Records from a dataset
============================================================
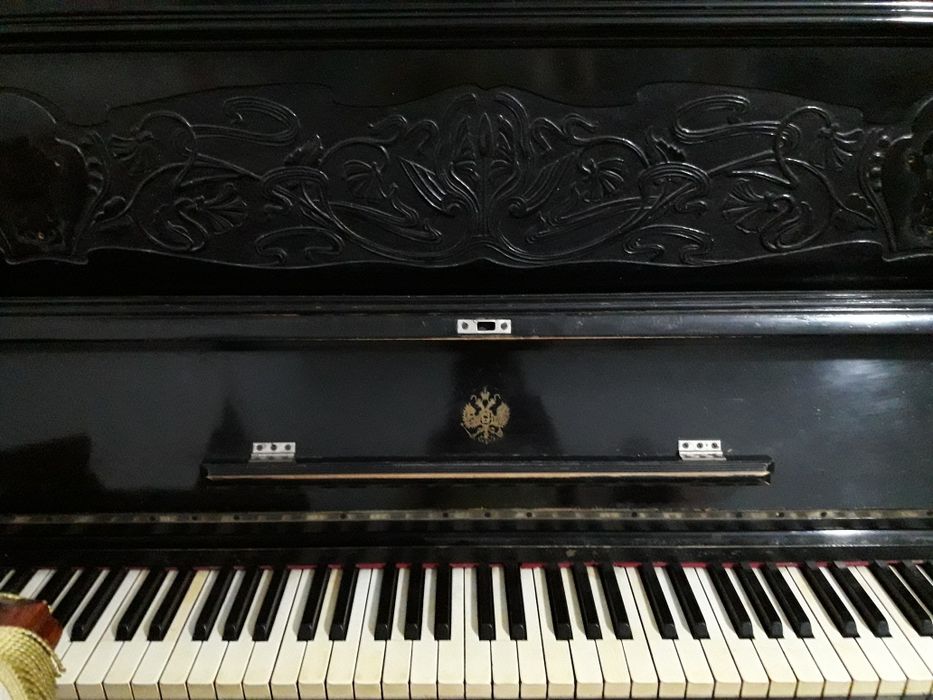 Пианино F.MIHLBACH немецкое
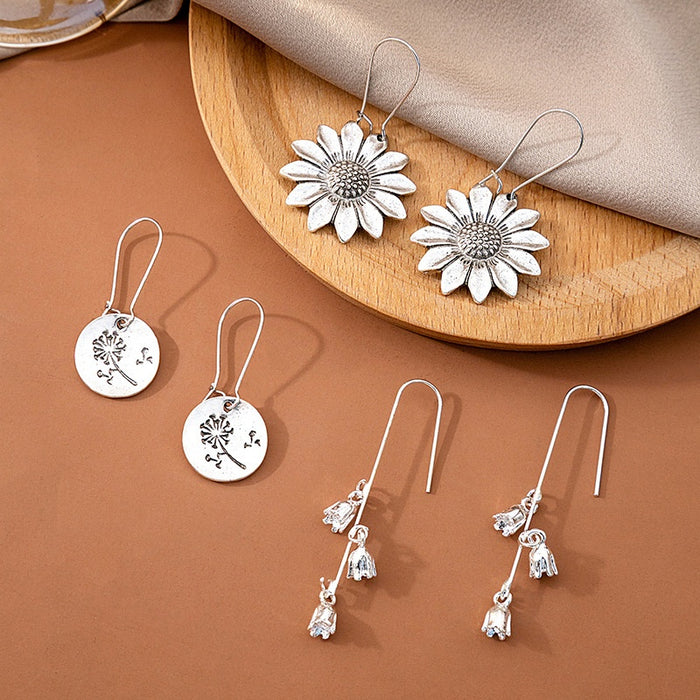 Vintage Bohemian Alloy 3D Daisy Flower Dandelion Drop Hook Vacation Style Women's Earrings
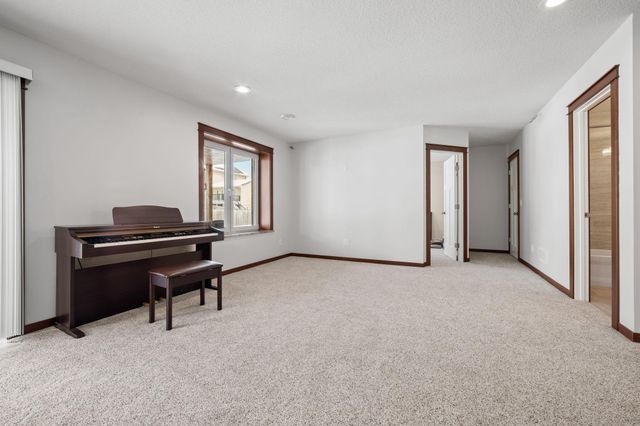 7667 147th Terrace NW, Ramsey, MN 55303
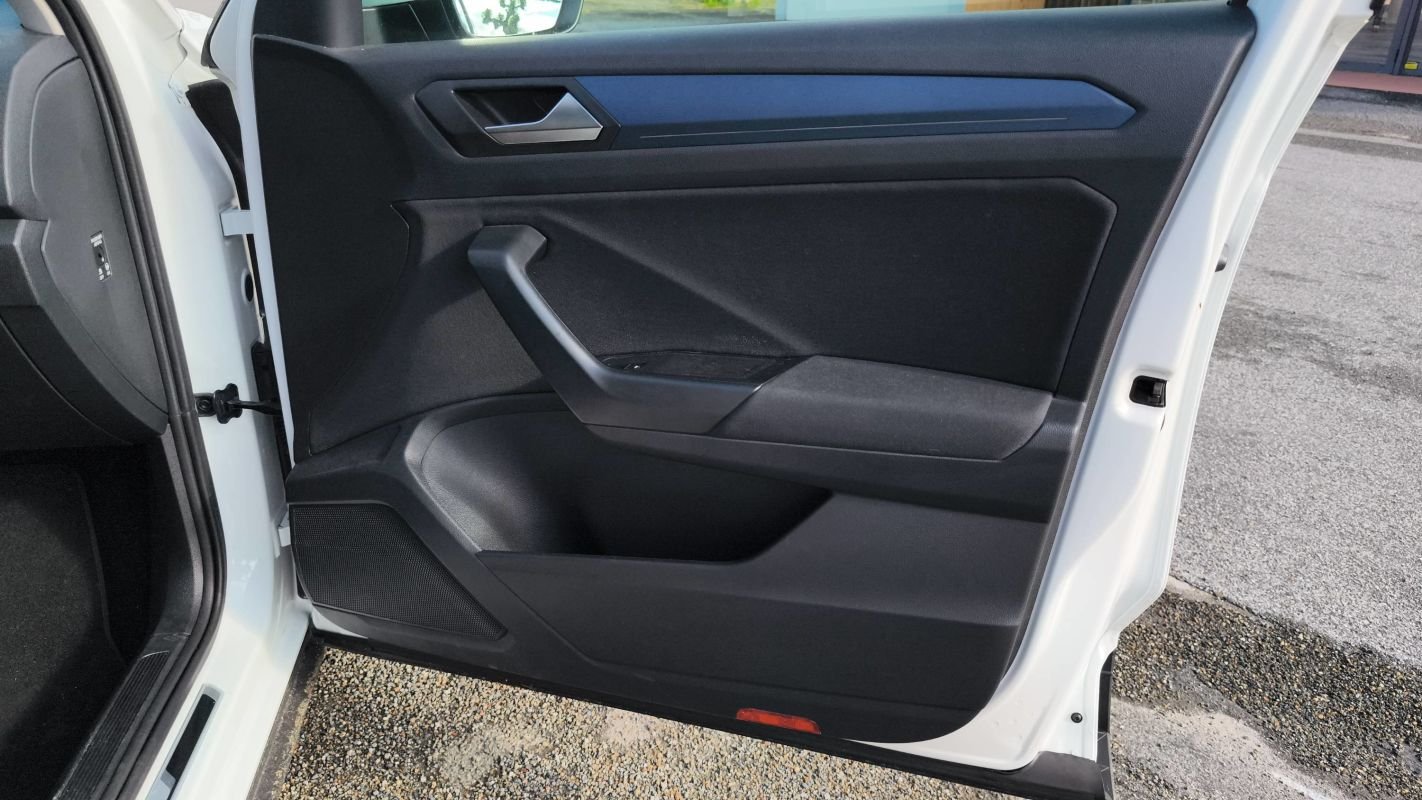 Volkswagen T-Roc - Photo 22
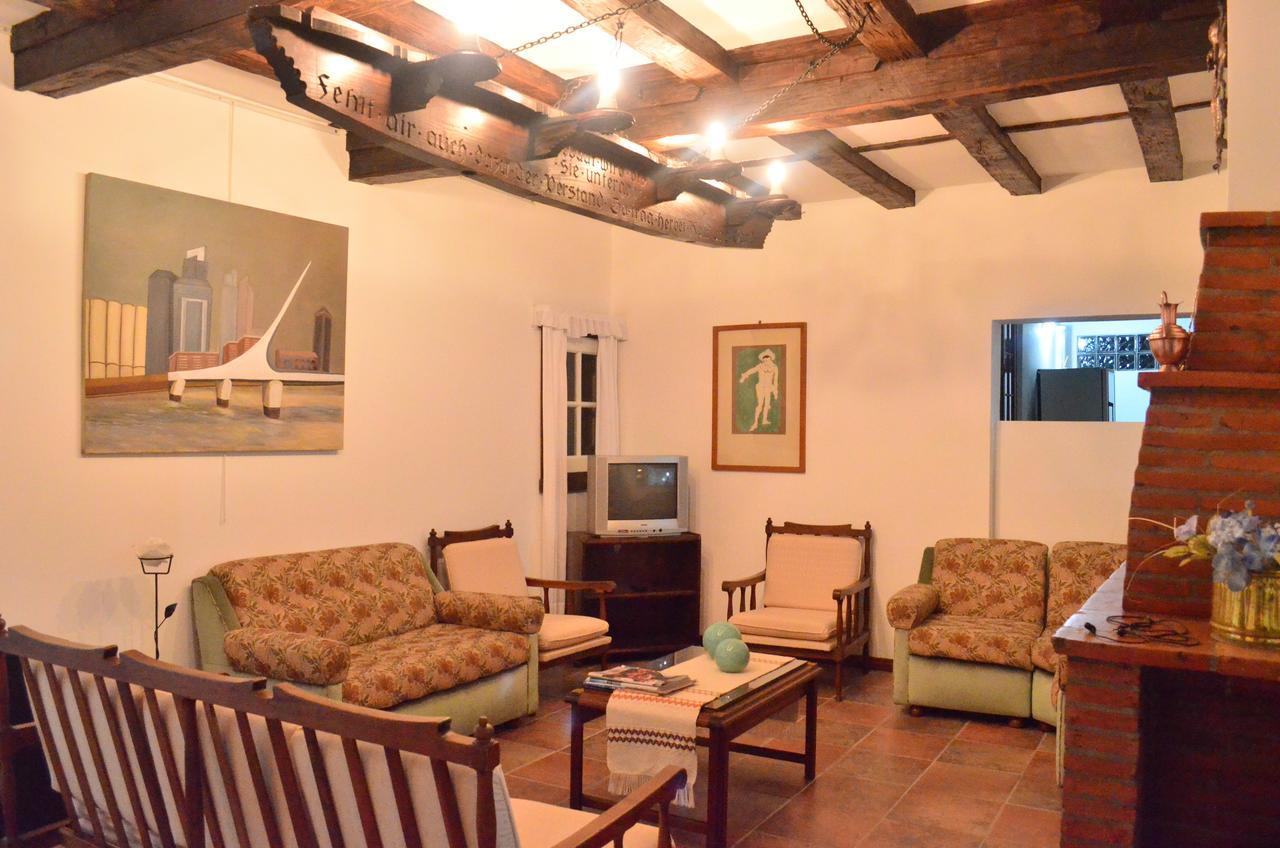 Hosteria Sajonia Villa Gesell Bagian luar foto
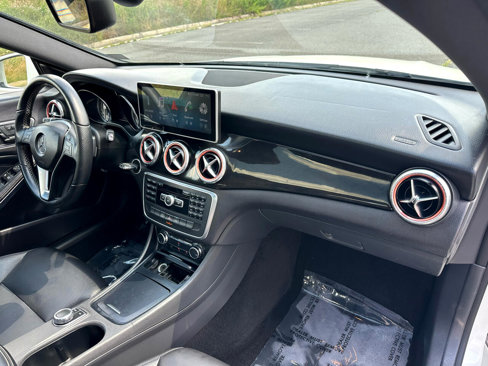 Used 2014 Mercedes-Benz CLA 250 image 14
============================================================
Your instructions: Give back exactly the lines running from the one that contains "Vintage Bohemian Alloy" to the end of the records, including both of those lines and excluding every picture.

Worked solution:
 Vintage Bohemian Alloy 3D Daisy Flower Dandelion Drop Hook Vacation Style Women's Earrings
 7667 147th Terrace NW, Ramsey, MN 55303
 Volkswagen T-Roc - Photo 22
 Hosteria Sajonia Villa Gesell Bagian luar foto
 Used 2014 Mercedes-Benz CLA 250 image 14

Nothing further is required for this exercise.